Extracted records:
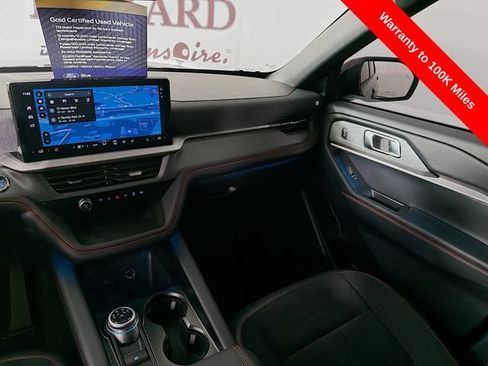 Certified 2026 Ford Explorer ST AWD/4WD image 31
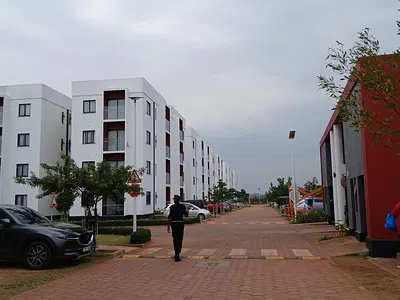 Tatu City Unity Homes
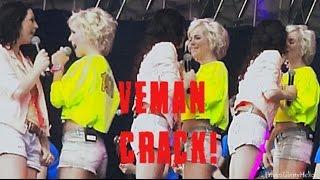 Josje & Kristel ││ Veman ● crack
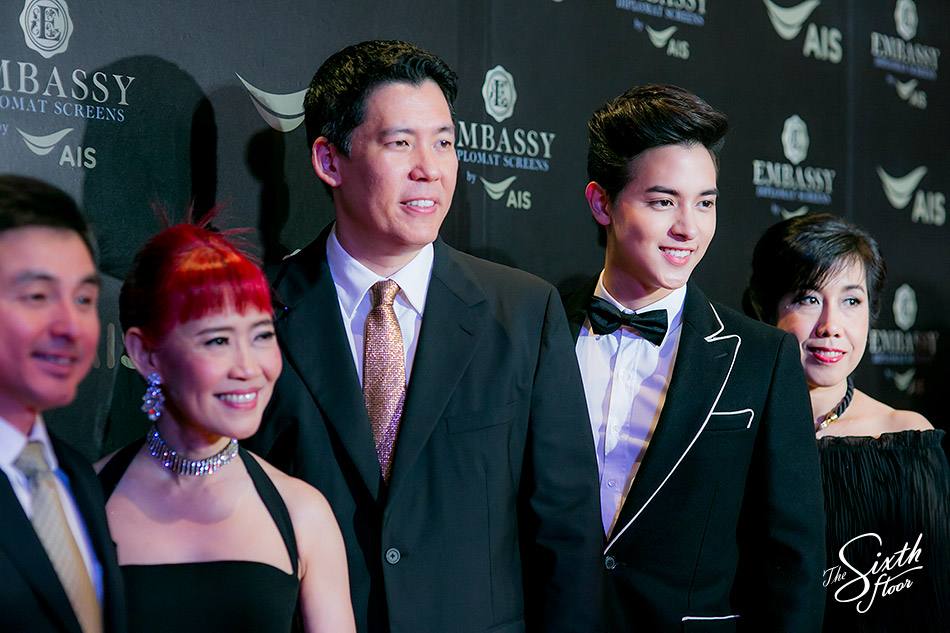 เปิดแล้ว!! โรงภาพยนตร์ระดับ6ดาวที่หรูที่สุดในโลก ครั้งแรกในไทย ที่ห้างเซ็นทรัลเอ็มบาสซี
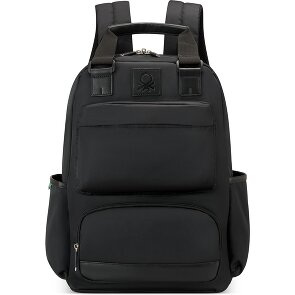 Delsey Paris x United Colors of Benetton Color Block 42 cm laptop compartment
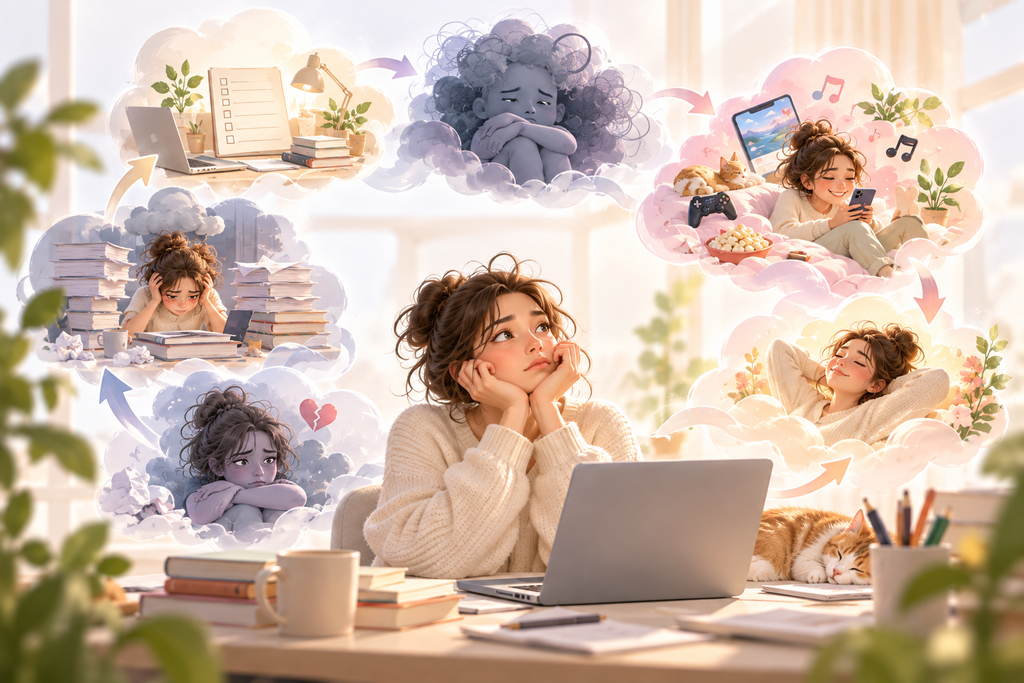 что такое прокрастинация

WHAT IS REQUIRED: A word-for-word restatement of all the lines above is needed, with the pictures omitted.

OUTPUT FOR THIS TASK:
 Certified 2026 Ford Explorer ST AWD/4WD image 31
 Tatu City Unity Homes
 Josje & Kristel ││ Veman ● crack
 เปิดแล้ว!! โรงภาพยนตร์ระดับ6ดาวที่หรูที่สุดในโลก ครั้งแรกในไทย ที่ห้างเซ็นทรัลเอ็มบาสซี
 Delsey Paris x United Colors of Benetton Color Block 42 cm laptop compartment
 что такое прокрастинация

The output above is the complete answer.